• **DESCRIPTION OF THE TASK**
Could you restate word for word every line from the one containing "Coltello da Cucina" to the end of the data below, pictures excluded?

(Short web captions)
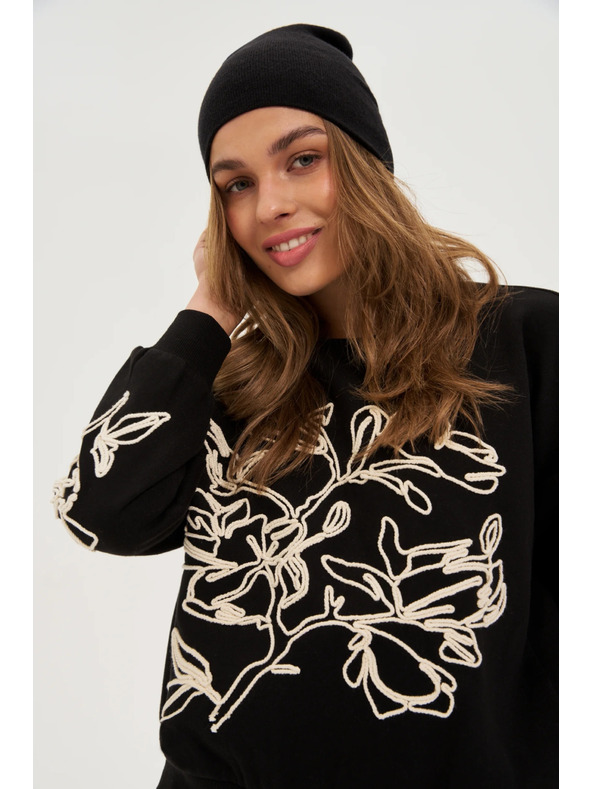 Moodo Hladká čiapka čierna Moodo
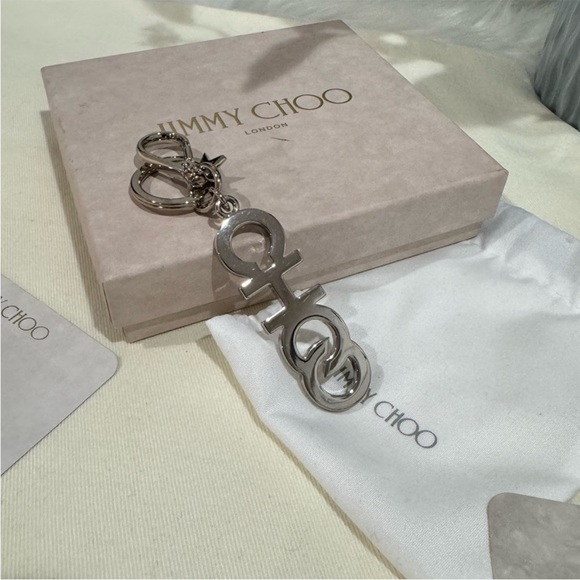 BUNDLE OF 2 - Jimmy Choo Card Holder & Bag Charm Key Chain - Picture 14 of 15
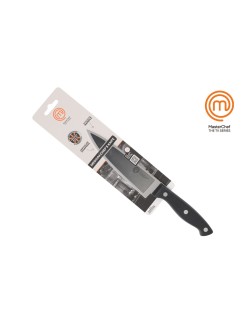 Coltello da Cucina MasterChef Chef Nero Argentato 15 cm (18 Unità)
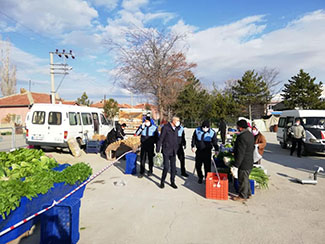 Çarşamba Pazarı Denetimlerimiz.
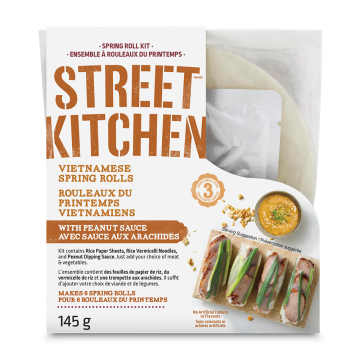 Street Kitchen Vietnamese Spring Rolls with Peanut Sauce - 145 g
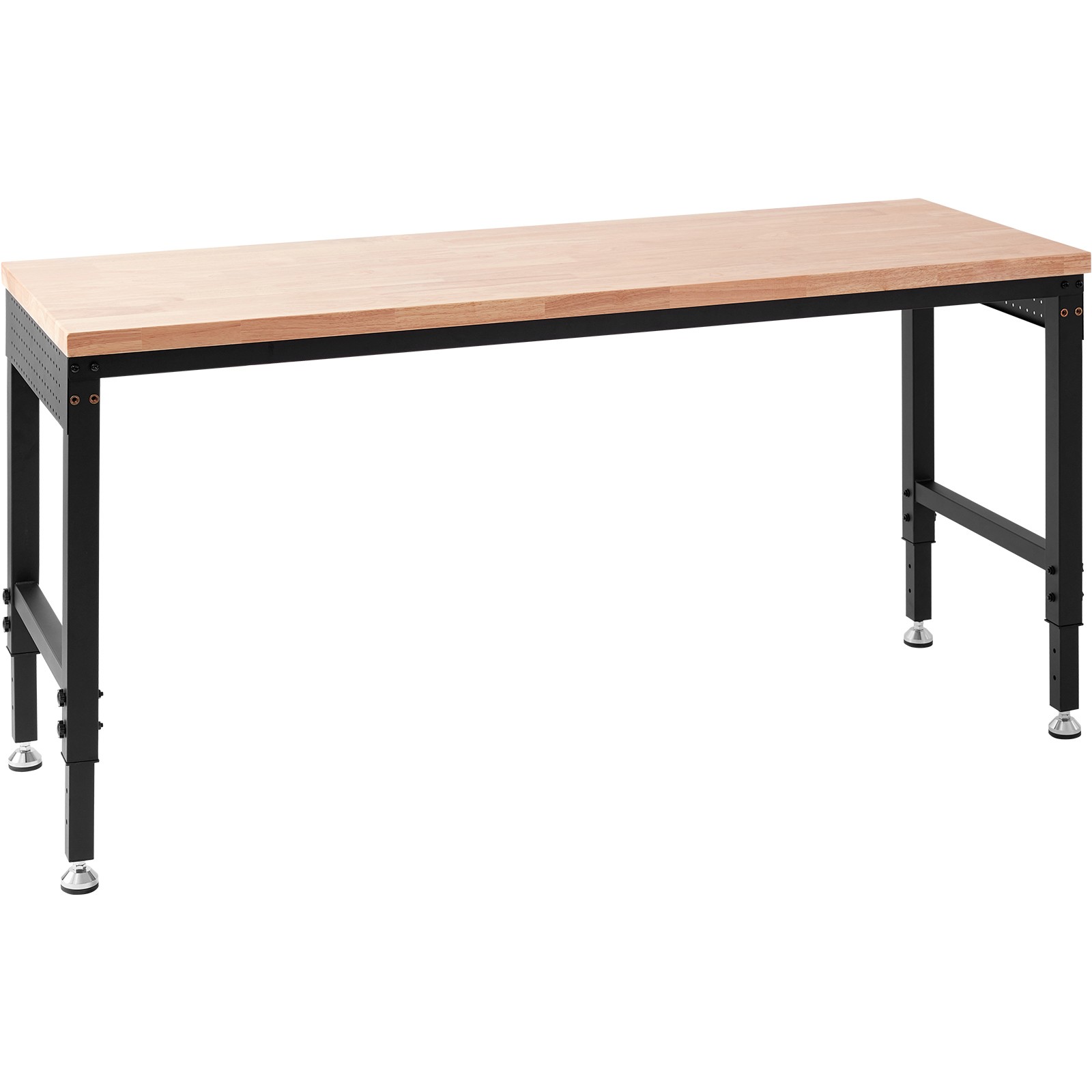 Uimoso Adjustable Height Workbench 72"L x 25"W Work Bench Table w/ Power Outlets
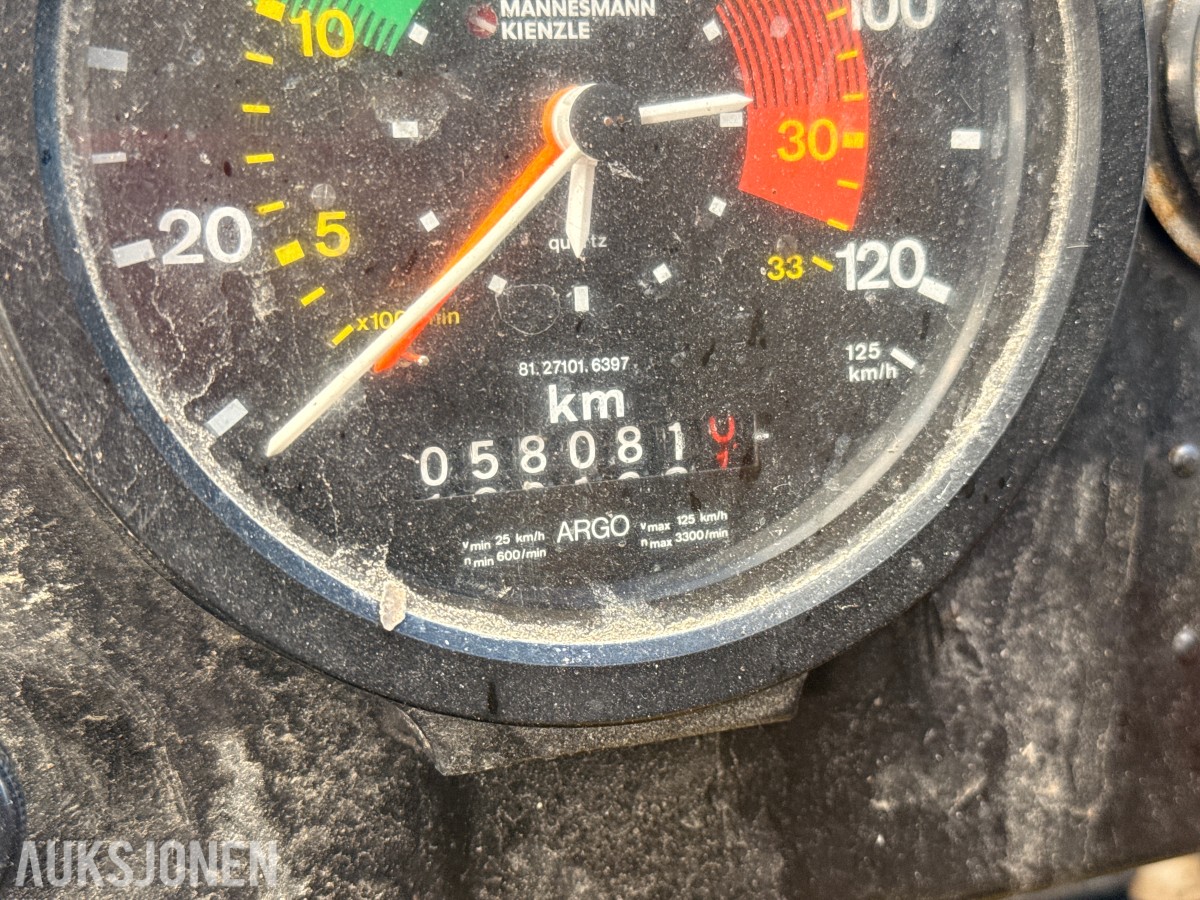 1993 MAN 24460 Brannbil 6x6 58081km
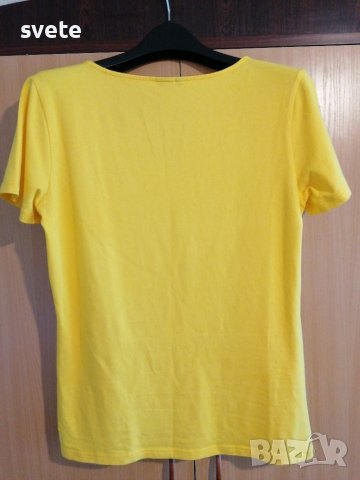 Дамска жълта блуза , снимка 4 - Тениски - 37326228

• **ANSWER SECTION**
 Coltello da Cucina MasterChef Chef Nero Argentato 15 cm (18 Unità)
 Çarşamba Pazarı Denetimlerimiz.
 Street Kitchen Vietnamese Spring Rolls with Peanut Sauce - 145 g
 Uimoso Adjustable Height Workbench 72"L x 25"W Work Bench Table w/ Power Outlets
 1993 MAN 24460 Brannbil 6x6 58081km
 Дамска жълта блуза , снимка 4 - Тениски - 37326228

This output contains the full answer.